B. Fund Lending Role in a Globalized World

9. Fund financing. Demand for Fund facilities shrank in recent years, reflecting higher private capital flows as well as other factors such as strengthened policy frameworks and substantial debt relief (see Tables 5 and 6 for current arrangements and balances). However, lower demand for Fund resources may also reflect the need for facilities to adapt. While the Fund currently has tools to help members meet balance of payments needs, adjustments may be necessary to address concerns that the Fund’s instruments are not always tailored to provide the services members seek, and that they send negative signals about prospects, come with too many conditions, provide too little financing, and are too costly.
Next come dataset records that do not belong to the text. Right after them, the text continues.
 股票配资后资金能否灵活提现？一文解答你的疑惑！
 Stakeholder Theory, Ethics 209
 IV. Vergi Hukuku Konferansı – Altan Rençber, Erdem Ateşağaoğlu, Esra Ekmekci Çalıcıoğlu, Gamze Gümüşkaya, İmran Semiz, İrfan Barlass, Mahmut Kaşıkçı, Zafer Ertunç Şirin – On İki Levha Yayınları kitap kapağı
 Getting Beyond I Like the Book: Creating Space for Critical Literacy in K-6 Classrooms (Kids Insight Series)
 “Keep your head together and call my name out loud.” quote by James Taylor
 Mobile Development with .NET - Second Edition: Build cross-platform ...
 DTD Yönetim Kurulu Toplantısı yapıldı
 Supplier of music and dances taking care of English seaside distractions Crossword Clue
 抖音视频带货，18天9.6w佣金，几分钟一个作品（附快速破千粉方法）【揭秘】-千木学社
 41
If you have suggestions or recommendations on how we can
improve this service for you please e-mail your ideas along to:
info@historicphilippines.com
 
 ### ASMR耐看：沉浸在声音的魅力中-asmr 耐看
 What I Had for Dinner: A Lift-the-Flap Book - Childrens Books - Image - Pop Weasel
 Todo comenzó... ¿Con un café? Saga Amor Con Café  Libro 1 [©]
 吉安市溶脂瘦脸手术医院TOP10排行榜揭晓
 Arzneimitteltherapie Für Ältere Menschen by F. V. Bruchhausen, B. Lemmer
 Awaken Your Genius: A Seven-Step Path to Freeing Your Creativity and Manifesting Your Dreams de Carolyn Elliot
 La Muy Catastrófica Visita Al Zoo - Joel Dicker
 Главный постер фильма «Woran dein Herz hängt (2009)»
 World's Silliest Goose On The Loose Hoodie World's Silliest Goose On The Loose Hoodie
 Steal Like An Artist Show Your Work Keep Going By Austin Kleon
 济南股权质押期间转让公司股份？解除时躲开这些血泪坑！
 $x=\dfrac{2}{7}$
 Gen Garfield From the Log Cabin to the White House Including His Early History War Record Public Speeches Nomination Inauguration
And the Macro-Financial and Cross-Border Risks study noted above identified new sources of risk that could affect members’ balance of payments needs. In taking up these broad issues, the Review of the Fund’s Financing Role in Member Countries9 recognized that the Fund’s lending framework has been used flexibly on a case-by-case basis, striking a balance between adjustment and financing while playing a catalytic role. The review is at an early brainstorming stage, seeking Executive Directors’ views on potential new instruments; elimination or reform of rarely used instruments; and a range of other issues related to the rationale and modalities for Fund lending.

10. Road map for reforms. An initial discussion led the Executive Board to endorse a road map for reforms involving five work streams: (i) analytical considerations for Fund lending, looking at a range of issues such as market gaps, the coherence of the Fund’s lending framework, the balance of payments criterion for Fund lending, as well as the scope for innovation in and streamlining of instruments, including a possible extension of a PSI- like signaling instrument to other members; (ii) access limits and financing terms for using Fund resources; (iii) conditionality; (iv) lending role and facilities for low-income members; and (v) a new liquidity instrument for crisis prevention. The aim is to have Board discussions in all of these areas before the 2009 Spring Meetings and to take decisions as quickly as possible in those areas where there is a strong consensus and particular urgency (e.g., a liquidity instrument). After the Spring Meetings, a stock-taking exercise will determine how to pull all the building blocks together to set the stage for decisions in the remaining areas before the 2009 Annual Meetings.

11. IMF lending limits. The Executive Board will shortly consider again aspects such as the amount of financing normally available and the cost of Fund credit. The recent quota reform made important progress in realigning quotas—which determine how much a country can borrow from the Fund under normal circumstances (access limits)—for emerging markets that have grown rapidly (see Section II), but overall access has fallen substantially in the last decade relative to global output, trade, and capital flows. The Fund will assess whether higher normal access limits are warranted. After the Annual Meetings, proposals to simplify the system of interest rate surcharges—for large-scale borrowing and some cases of resources outstanding for a length of time—will be considered. These proposals, together with the framework for setting the rate of charge under the new income model agreed before the Spring Meetings, will provide a new pricing structure for Fund lending.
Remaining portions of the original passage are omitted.